The dreamliner, the big new modern Boeing airplane, is almost ready for prime time. It will cost apparently $197 million each. (This number does seem to change from report to report.) As an entirely new venture into airplane construction, it has several elements in common with the F35 fighter jet project, including these:
- Construction was done in a relatively new, perhaps risky manner. Boeing used several independent contractors. The F35 used all-up testing (I think they called this convergence).
- Many new materials were involved.
- Government subsidies can be suspected.
- The airplane is late. By several years.
- Current delivery plans seem a bit fluffy. Air Canada will get planes in 2013, maybe.

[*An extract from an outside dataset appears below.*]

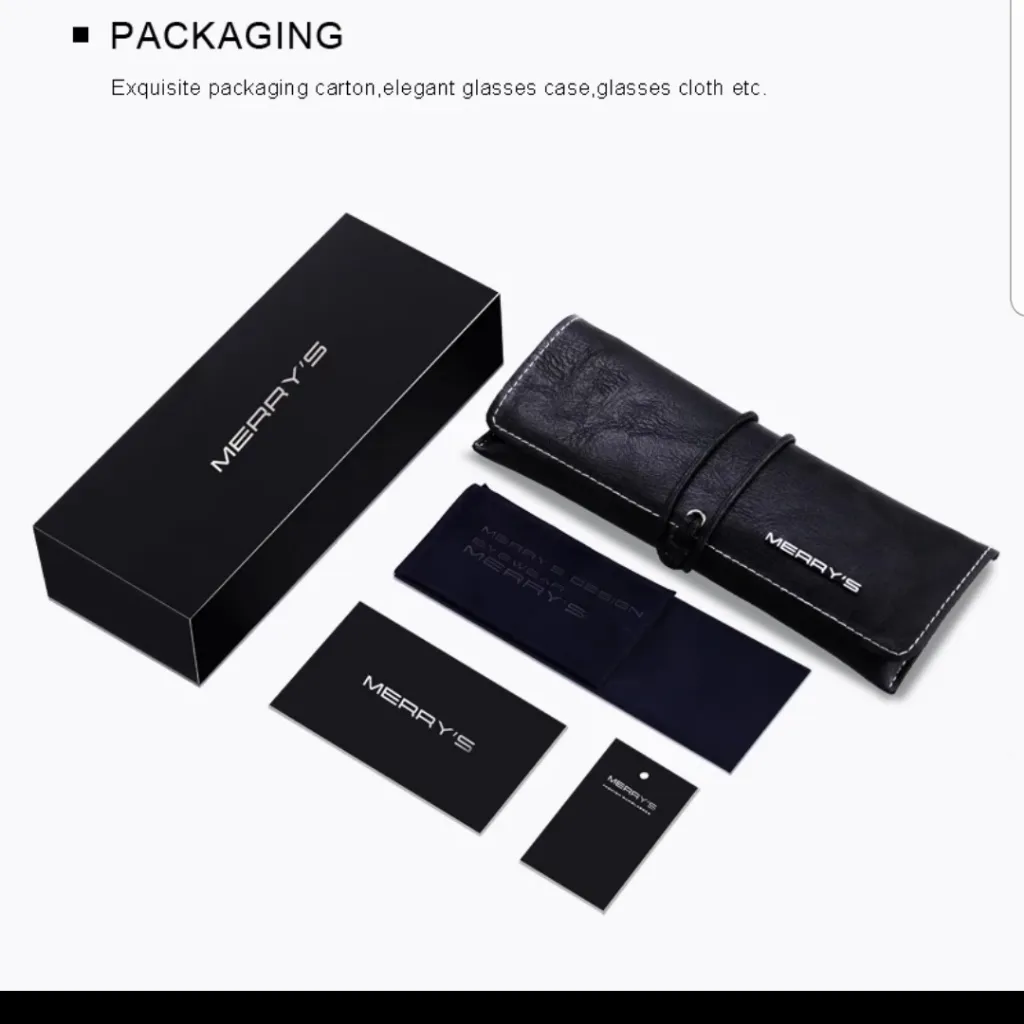 Cat eye polarized sunglasses - Image 2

Canada will get jets in 2014, maybe.
There are some differences:
Presumably (after all the bugs are shaken out) the dreamliner will be comfortable and safe. The F35 has one engine and, apparently, no fire extinguisher.
The dreamliner is cheaper, larger, carries more cargo weight, and will probably make a profit for everyone, eventually. The F35 may make a profit for the major contracting company; everyone else involved will either be employees (military) or victims (enemy).

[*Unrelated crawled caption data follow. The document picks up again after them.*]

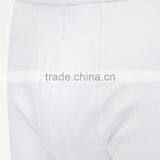 Plain White Mens Boxer Briefs Cheap Bulk Wholesale Boxer Briefs thumbnail-3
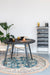 Wandplank Botan S MDF, Metaal Grijs 52x38 cm-Wandplanken-Creating Home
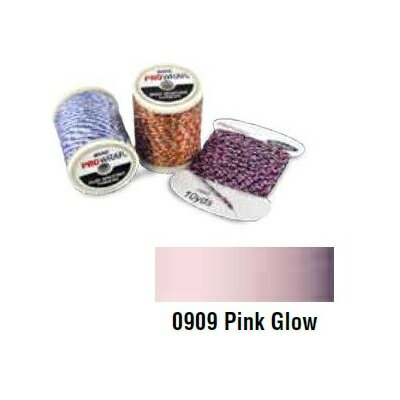 マタギ(Matagi)　ProWrap GLOWスレッド #0909 Pink Glow　(お取り寄せ)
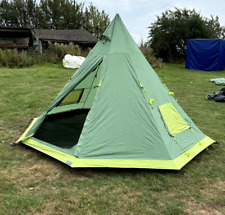 Eurohike teepee berth for sale  LOUGHBOROUGH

Other countries are watching the dreamliner as competition. The F35 has competitors in some countries, and collaborators in others. It is not clear which are more dismayed by the current state of the warplane’s development.
So, now for the dumb question.
Are overruns in cost and time inevitable with large projects? Particularly aerospace projects? Particularly projects with very large innovation content? Particularly projects with direct or indirect government support?
Is it clear there is any other way to get these things built?
do we need them? I submit the dreamliner is of more value to civilization than the F35.